[Task directions]:
Write the entries below out again without a single difference.

[The records]:
====================

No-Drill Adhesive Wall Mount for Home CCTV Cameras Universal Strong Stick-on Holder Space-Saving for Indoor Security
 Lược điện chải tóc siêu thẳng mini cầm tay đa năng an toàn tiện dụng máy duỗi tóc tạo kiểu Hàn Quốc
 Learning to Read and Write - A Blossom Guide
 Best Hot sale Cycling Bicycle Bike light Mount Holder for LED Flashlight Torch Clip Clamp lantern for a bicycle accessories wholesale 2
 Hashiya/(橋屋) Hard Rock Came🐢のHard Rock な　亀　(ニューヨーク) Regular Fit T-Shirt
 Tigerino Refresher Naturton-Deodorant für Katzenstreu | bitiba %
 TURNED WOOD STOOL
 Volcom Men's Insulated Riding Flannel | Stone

====================

[Result for this task]:
No-Drill Adhesive Wall Mount for Home CCTV Cameras Universal Strong Stick-on Holder Space-Saving for Indoor Security
 Lược điện chải tóc siêu thẳng mini cầm tay đa năng an toàn tiện dụng máy duỗi tóc tạo kiểu Hàn Quốc
 Learning to Read and Write - A Blossom Guide
 Best Hot sale Cycling Bicycle Bike light Mount Holder for LED Flashlight Torch Clip Clamp lantern for a bicycle accessories wholesale 2
 Hashiya/(橋屋) Hard Rock Came🐢のHard Rock な　亀　(ニューヨーク) Regular Fit T-Shirt
 Tigerino Refresher Naturton-Deodorant für Katzenstreu | bitiba %
 TURNED WOOD STOOL
 Volcom Men's Insulated Riding Flannel | Stone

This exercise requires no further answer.